▸ **Task directions**
The pictures in the data below are to be omitted; all else must be duplicated exactly.

▸ **Data extract**
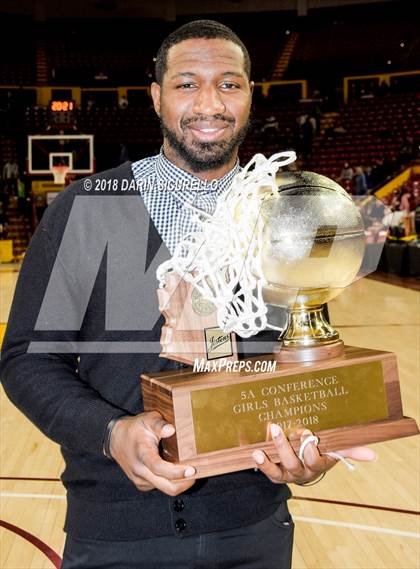 Thumbnail 1 in Chaparral vs. Mesquite (AIA 5A Final Awards) photogallery.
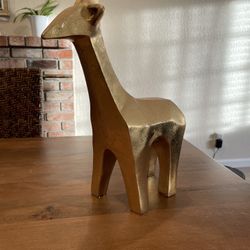 Giraffe Statue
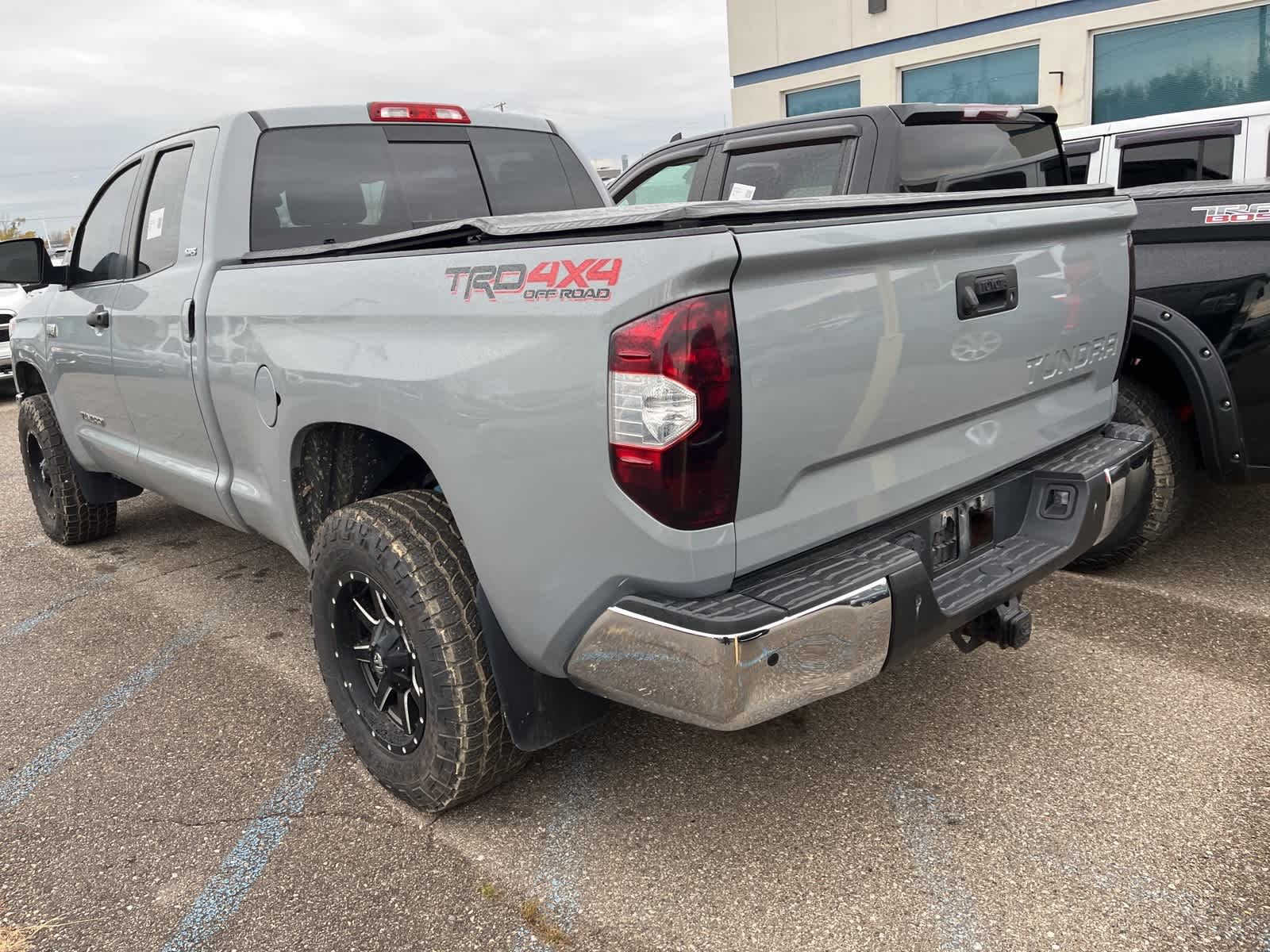 Thumbnail: 2018 Toyota Tundra - 11
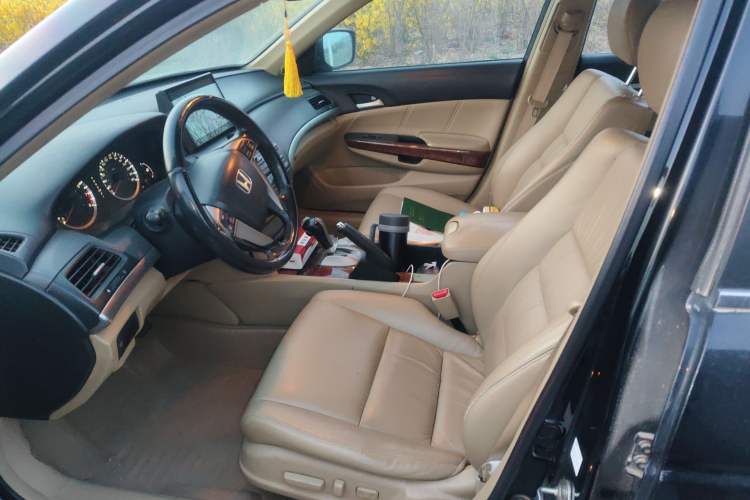 Used Honda Accord 2012 2.0L SE Left Front Seat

▸ **Solution to the exercise**
 Thumbnail 1 in Chaparral vs. Mesquite (AIA 5A Final Awards) photogallery.
 Giraffe Statue
 Thumbnail: 2018 Toyota Tundra - 11
 Used Honda Accord 2012 2.0L SE Left Front Seat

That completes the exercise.